A decommissioned tractortrailer anchors the compound where Apa Ramos has cooked pigs and held court since 1985. The sports bar next door, with its stacks of speakers and wide-screen televisions, appears an aberration, redirected from a twenty-first-century future that still hovers on the horizon. In the cook shack, the floor is rough concrete. The pits are grease-stained feats of masonry engineering. Decades of calcified smoke shellac the timber and tin roof.
Ramos, a squat and taciturn man, greets our band of pilgrims at Lechonera La Ranchera with a shy smile. We’re not the first to make the trek. On the wall behind the cash box, alongside a Baptist church–issue portrait of Jesus among the little children, I spy an arm-in-arm picture of Ramos and Eric Ripert, the chef at Le Bernardin in New York City. In another glossy, he stands tall beside a smoke-lacquered pig at the Food & Wine Classic in Aspen.
Ramos plays the part of lechonero well. Leaning back in a metal folding chair, as a gray kitten weaves through his legs, he mumbles answers to my queries and brushes aside compliments. Liza and Pedro translate. To make charcoal, Ramos whispers, the best carboneros mound aromatic wood, harvested from the coast, into tepee shapes, cover them with hay and mud, light the mounds, and let them smolder for three days. To coax the most flavor from lechón, he sources pigs from local farmers.
Like other great barbecue artisans, Ramos talks a good sauce game.

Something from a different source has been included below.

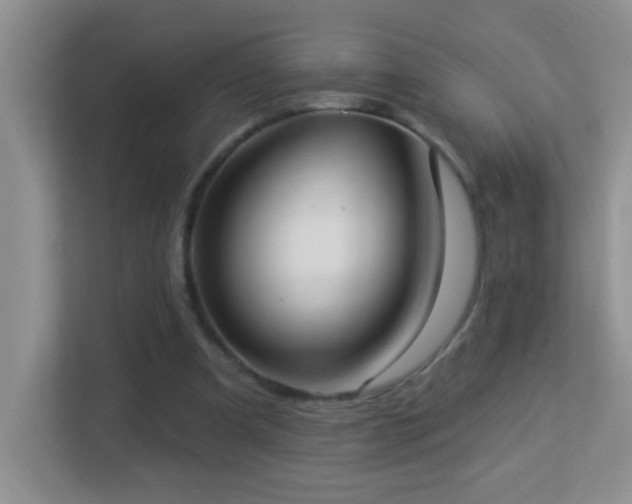 X0000113900297200909241443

When I share my theory that vinegar-based sauces are ideal complements for smoked pig, he directs my attention to a repurposed rum bottle, filled with house-made pique criollo. A proper sauce for pig, Ramos tells me, as I turn that bottle in my hands, boasts a few chiles, a little vinegar—and a lot of water. Too much vinegar can mask the flavor of pork, he declares, while water-based sauces carry flavor.
When a tinfoil-wrapped platter of pork appears, as if by legerdemain, we fall on it like wolves. Sauce splatters. Skin flies like shrapnel. And so do bones, none of which appear to be from cheeks. Five minutes later, we smile greasy smiles and pay our respects to Ramos. Belching smoke and talking smack about every other pretender to the lechón throne, we make our exit. And soon we’re driving down the mountain, back through that green steeple.
Later that night, at Jose Enrique, a mod bungalow restaurant in the Santurce neighborhood of San Juan, I crowd the bar with a throng of well-heeled gastronomes to eat silky veal brains, sautéed in brown butter. And shingles of grilled swordfish, topped with pineapple. And tostones, pounded from plantains into the shape of daisies, fried hard, salted lavishly, and served with grilled lengths of longaniza sausage that Pedro stuffed and cured.
Pedro, who is the number-two chef here, has the night off. Liza has come too. We’re stuffed silly with pork and buzzed from three rounds of Scotch and coconut water. (Liza says it’s a local specialty, and I’m a sucker for local specialties.) Yet we continue to drink. We continue to eat. And we continue to smile greasy smiles.
I can’t speak for Pedro or Liza. But I think I know why. We’re not fueled by gluttony. We’re compelled by a mutual recognition that if we three can find common ground in great pit-cooked pork, and we three can easily connect the dots between the barbecue of my native American South and the lechón of their native Puerto Rico, then surely there are more similarities to be celebrated. And there’s no better way to begin those explorations of common cause than with good food and drink in hand.